Nabokov’s Pale Fire is really good. It starts with a lengthy poem, and then things get a bit strange. I particularly loved this bit:
Retake the falling snow: each drifting flake
Shapeless and slow, unsteady and opaque,
A dull dark white against the day’s pale white
And abstract larches in the neutral light.
That definition cannot be quite right. I have a steady wish for the welfare of shrimp, say, but I do not love them. To love someone, you must have not merely a steady wish for their ultimate good, so that you care for it somewhere like your own ultimate good, but also a desire for some kind of unity with them. This unity takes different shapes—the kind of love you might have for a friend would lead you to want to spend time with them, the kind of love had for a lover comes with its own desired forms of unity that would be scandalous if directed at a family member. But in each case, to love someone requires that you want to maintain some kind of relationship with them all else equal.


Just passing a reference along: The David Oks piece about African funeral customs got shared on Hacker News (a popular forum), and very quickly a number of actual Africans answered, basically saying that it's a marginal thing in a few areas within a huge continent. See: https://news.ycombinator.com/item?id=47710907
Seeing that, I'm not sure how much remains standing of the wider point re: kinship networks and their anti-development effects. I've heard of the "Black tax" before so there seems to be some recognition that it's a thing.

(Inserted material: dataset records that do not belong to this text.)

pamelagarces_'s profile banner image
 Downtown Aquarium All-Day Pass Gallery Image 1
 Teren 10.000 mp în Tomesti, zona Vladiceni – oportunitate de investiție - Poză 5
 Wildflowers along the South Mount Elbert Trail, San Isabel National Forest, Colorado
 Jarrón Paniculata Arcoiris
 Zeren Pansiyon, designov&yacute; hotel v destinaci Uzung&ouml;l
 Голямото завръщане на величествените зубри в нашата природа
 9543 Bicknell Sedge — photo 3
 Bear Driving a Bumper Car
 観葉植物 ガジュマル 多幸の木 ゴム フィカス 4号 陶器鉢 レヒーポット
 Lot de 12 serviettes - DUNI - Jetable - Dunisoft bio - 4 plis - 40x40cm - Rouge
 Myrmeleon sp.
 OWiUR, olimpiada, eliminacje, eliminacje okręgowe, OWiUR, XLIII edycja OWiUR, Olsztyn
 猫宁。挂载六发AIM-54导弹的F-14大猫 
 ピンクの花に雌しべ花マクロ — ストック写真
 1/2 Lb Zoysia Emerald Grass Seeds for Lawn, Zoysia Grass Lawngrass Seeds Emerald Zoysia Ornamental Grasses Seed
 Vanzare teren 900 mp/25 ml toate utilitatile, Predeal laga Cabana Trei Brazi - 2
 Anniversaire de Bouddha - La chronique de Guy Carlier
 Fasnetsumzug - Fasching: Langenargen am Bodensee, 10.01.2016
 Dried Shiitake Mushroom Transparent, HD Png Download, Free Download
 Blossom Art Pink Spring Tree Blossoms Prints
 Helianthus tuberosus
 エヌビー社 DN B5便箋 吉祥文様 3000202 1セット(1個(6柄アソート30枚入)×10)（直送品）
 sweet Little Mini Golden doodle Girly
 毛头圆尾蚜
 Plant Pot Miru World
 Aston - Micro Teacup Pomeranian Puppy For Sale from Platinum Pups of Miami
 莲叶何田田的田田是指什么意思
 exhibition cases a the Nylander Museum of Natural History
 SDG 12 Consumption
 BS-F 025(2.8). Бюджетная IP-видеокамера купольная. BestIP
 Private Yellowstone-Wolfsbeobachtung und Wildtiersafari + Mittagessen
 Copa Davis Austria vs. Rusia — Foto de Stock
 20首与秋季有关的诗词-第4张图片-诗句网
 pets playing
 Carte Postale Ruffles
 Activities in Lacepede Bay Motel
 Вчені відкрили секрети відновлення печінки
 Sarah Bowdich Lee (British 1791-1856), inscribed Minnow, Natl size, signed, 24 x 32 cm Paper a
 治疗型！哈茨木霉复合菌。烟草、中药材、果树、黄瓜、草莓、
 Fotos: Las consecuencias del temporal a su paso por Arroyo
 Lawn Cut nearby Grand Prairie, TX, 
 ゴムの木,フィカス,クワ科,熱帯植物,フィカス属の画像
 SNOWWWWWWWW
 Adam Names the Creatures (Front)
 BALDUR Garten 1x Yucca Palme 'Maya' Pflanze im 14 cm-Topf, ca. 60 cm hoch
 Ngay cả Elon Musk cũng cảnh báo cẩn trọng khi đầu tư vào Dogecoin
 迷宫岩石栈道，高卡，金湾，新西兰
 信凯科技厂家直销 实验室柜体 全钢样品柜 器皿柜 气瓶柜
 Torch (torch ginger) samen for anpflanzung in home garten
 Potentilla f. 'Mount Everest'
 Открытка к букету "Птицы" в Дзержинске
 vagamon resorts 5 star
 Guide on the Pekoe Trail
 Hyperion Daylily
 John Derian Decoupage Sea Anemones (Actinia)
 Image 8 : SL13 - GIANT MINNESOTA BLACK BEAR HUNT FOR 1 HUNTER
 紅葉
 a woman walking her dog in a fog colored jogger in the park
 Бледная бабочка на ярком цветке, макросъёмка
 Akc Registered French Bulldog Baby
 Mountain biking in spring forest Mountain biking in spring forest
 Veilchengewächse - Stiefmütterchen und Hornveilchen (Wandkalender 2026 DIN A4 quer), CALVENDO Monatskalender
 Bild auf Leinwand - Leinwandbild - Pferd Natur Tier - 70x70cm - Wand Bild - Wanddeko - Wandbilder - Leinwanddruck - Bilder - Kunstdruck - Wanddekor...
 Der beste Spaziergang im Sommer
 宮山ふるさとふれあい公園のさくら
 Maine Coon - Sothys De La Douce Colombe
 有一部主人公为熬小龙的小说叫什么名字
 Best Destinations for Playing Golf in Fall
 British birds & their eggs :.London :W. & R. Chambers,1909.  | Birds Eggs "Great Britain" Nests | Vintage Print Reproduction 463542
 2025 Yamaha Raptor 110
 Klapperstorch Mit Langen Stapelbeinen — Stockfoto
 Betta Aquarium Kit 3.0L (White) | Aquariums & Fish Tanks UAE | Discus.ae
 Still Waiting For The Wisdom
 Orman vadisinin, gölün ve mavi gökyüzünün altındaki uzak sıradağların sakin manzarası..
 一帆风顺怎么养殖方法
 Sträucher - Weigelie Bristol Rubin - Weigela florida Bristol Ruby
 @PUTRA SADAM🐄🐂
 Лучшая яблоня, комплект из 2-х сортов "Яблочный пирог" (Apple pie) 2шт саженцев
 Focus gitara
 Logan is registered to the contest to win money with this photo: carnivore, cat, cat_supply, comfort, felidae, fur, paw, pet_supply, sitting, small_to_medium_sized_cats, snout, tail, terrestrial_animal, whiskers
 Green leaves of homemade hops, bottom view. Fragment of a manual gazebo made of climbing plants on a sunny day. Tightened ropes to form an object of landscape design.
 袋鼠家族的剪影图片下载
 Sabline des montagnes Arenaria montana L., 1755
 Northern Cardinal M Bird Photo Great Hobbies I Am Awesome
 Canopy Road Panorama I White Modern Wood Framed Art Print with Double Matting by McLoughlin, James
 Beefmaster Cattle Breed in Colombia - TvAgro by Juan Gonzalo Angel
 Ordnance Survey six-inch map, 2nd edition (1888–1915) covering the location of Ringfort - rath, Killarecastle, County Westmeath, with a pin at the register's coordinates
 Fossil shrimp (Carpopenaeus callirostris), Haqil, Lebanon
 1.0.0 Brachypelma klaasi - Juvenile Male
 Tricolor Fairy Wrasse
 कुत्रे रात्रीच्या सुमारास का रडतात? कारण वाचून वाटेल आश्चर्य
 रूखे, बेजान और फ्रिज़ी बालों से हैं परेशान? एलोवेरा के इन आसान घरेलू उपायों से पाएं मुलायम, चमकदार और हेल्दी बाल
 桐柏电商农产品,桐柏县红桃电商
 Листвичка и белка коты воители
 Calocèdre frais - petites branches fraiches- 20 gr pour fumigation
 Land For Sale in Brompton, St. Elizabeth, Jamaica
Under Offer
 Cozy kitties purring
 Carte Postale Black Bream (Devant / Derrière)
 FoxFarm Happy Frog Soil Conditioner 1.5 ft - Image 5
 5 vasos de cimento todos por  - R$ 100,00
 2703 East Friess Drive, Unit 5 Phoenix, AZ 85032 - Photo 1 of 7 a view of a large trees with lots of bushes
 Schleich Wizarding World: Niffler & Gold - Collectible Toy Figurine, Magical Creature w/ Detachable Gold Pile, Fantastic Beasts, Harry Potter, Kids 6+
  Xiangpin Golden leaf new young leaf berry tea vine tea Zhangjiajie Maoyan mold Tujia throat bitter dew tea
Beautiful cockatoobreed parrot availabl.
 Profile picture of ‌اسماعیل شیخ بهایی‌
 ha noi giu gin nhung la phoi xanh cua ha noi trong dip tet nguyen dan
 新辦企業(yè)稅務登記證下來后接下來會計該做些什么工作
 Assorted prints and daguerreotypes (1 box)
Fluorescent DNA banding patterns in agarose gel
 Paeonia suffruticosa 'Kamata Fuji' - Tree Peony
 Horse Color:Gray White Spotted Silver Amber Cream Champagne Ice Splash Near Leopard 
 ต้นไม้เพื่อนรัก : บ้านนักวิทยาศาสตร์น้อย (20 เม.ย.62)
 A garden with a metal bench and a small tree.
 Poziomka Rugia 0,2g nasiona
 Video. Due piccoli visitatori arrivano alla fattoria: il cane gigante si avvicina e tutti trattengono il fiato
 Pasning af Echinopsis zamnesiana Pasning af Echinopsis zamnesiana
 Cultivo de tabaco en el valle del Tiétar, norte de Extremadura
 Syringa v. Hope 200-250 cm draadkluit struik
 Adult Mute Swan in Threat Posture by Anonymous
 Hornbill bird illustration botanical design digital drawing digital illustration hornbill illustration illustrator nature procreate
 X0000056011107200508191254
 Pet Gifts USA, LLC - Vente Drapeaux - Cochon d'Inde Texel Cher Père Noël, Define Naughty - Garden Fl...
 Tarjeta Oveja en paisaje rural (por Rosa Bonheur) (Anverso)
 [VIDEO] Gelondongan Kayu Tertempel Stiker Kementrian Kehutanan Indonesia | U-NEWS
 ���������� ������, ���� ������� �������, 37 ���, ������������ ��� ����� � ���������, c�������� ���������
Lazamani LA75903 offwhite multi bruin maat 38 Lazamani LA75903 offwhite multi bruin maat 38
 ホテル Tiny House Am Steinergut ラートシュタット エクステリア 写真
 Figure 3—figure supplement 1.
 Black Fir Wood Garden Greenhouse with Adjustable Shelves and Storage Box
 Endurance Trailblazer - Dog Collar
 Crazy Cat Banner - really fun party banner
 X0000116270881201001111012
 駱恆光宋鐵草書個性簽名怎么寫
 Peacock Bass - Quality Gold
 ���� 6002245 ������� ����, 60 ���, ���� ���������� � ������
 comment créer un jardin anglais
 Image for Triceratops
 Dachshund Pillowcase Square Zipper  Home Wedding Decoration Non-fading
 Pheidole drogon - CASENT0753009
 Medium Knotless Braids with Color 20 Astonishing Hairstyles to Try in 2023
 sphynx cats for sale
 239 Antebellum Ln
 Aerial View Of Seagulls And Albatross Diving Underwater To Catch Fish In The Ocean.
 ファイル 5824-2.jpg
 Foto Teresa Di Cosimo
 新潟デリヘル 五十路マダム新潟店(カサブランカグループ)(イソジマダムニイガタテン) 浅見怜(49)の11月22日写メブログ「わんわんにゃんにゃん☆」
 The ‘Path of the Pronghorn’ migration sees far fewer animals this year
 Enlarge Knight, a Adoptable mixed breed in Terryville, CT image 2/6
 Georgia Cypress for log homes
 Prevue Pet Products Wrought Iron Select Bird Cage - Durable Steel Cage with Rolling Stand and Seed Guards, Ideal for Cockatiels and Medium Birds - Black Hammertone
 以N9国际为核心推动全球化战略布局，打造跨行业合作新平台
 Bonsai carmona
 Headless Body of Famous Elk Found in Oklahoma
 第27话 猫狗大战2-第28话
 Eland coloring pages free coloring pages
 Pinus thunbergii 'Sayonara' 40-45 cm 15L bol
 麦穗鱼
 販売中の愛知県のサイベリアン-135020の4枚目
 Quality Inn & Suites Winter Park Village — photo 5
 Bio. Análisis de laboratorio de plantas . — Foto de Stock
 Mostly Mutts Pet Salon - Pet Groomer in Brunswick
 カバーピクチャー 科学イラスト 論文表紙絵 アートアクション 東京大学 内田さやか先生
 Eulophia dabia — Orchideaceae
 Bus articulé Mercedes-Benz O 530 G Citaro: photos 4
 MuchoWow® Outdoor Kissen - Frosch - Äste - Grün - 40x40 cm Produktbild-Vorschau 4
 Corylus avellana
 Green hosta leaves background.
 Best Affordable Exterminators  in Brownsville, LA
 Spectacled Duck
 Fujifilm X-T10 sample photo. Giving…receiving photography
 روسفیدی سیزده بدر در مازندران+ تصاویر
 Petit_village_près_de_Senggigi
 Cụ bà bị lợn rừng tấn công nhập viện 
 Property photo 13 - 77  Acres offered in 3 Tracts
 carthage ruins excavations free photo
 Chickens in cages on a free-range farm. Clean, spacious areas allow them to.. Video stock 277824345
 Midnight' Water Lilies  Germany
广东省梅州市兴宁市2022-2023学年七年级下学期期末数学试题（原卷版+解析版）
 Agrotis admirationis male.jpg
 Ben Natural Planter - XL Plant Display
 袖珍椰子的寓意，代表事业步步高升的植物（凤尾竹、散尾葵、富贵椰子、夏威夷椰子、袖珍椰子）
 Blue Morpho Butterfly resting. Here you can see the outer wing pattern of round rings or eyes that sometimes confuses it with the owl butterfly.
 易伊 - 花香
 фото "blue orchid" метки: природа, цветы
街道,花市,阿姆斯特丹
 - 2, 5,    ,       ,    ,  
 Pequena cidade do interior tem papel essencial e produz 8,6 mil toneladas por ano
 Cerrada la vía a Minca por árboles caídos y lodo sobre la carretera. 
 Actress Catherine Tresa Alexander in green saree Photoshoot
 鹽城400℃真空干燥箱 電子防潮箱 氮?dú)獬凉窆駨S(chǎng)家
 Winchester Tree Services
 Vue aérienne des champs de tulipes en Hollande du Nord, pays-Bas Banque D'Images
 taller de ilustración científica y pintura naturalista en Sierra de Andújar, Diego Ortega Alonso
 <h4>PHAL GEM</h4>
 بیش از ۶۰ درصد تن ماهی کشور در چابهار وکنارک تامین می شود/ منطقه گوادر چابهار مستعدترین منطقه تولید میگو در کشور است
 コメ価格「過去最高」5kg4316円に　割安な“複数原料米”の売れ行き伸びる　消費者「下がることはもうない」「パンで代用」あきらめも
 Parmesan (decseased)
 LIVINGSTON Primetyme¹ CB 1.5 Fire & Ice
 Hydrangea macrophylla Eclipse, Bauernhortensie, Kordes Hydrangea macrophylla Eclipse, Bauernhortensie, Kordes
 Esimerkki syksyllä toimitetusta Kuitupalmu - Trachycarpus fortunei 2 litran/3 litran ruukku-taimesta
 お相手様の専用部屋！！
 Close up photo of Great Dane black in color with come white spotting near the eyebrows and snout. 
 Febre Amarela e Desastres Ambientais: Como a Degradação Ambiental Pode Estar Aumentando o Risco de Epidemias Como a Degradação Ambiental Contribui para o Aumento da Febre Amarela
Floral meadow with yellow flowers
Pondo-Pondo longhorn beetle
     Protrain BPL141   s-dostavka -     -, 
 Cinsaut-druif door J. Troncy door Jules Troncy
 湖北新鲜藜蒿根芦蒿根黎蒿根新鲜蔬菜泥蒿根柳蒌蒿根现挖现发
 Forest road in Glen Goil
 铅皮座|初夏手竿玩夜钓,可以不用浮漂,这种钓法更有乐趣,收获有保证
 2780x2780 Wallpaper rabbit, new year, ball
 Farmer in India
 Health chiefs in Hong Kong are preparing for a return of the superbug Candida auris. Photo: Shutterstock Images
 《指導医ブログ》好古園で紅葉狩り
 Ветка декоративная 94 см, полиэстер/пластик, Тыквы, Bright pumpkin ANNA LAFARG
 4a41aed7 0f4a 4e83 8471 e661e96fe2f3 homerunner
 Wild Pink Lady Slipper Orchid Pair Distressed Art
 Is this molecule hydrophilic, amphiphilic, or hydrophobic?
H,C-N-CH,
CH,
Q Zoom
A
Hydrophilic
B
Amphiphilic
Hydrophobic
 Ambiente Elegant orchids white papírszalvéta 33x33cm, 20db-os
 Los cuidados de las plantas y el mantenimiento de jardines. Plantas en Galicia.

"300,000 lives is about the population of Oxford and Cambridge combined, meaning that the number of lives EA has saved directly is equivalent to preventing a nuclear bomb from wiping both Oxford and Cambridge off the map"
I wonder how many lives could be saved over a century if instead of incentivizing the leaders of these countries keep the foreign welfare industry strong we would use all that money to heavily promote free markets. How many lives would be saved if Africa instead of having a perpetual cycle of up and down growth had the economic growth you saw in eastern Europe and Asia as they finally got tid of their extractive institutions and socialism?